Та же проблема явно присутствует в самой сути ницшеанской доктрины воли к власти. Власть сама по себе — бесформенна. Она обретает смысл лишь если опирается на конкретное «бытие», если она зиждется на сущностном единстве, на умении управлять собой. В противном случае всё вновь погружается в хаос. «Есть высшая сила, но не знают к чему приложить ее. Средства существуют, но цели нет». Вскоре мы увидим насколько ухудшается эта ситуация при активизации в себе измерения трансцендентности.

Пока же отметим то, что, в общем, феномен угрызений совести связан с ситуацией внутренне раздробленного, раздираемого противоречиями существа. Раскаяние приходит, если в существе, несмотря ни на что, сохраняется центральная тенденция, которая вновь заявляет о себе после совершения действий, бывших насилием над ней или её отрицанием и совершенных из второстепенных побуждений, недостаточно сильных, чтобы полностью и окончательно её вытеснить. Именно в этом смысле Гюйо говорил о морали, «которая является не чем иным, как единством бытия», и об имморальности, каковая, «напротив, есть раздвоенность, противоречивость взаимно ограничивающих стремлений». Хорошо известен ницшеанский образ «бледного преступника» — являющийся прямым отражением вышеперечисленных персонажей Достоевского, у которого «совершенный им поступок парализует бедный разум, как начерченная мелом линия парализует курицу».
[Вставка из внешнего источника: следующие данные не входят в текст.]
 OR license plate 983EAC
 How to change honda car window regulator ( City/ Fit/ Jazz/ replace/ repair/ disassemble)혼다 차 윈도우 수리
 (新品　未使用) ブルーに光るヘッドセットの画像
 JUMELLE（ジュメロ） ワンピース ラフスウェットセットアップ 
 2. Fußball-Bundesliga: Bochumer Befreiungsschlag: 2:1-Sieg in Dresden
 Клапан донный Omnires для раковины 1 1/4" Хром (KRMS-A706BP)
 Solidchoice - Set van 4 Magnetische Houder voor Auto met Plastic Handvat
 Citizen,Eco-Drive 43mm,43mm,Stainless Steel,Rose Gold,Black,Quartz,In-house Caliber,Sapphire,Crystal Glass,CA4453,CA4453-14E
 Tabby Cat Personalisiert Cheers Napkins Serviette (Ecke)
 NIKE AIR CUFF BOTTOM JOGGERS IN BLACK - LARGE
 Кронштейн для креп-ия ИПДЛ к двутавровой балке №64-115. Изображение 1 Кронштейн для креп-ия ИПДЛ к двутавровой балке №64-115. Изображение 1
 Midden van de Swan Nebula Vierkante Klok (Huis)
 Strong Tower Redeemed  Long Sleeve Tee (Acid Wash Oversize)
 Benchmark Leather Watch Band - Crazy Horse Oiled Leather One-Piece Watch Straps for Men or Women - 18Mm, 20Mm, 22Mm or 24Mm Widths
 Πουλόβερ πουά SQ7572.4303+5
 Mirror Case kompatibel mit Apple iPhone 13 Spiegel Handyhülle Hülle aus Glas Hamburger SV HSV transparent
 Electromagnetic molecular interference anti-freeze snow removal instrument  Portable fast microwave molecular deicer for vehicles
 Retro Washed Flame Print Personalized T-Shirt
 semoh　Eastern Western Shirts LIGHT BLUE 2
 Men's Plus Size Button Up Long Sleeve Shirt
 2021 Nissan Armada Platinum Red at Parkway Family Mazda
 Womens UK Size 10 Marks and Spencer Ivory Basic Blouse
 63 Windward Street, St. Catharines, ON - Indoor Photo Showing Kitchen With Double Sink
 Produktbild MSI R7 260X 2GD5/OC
Всё это ясно показывает, что мы подошли к той черте, где «нейтральная» постановка проблемы становится более невозможной; поэтому, в соответствии с нашей задачей, необходимо рассмотреть ту линию поведения, которая в нынешней атмосфере распада подходит не каждому, но исключительно тому особому типу, который является законным наследником человека мира Традиции, поскольку он не утратил коренной связи с этим миром даже несмотря на то, что во внешнем существовании оказался лишенным той опоры, которая была свойственна любой из её конкретных форм.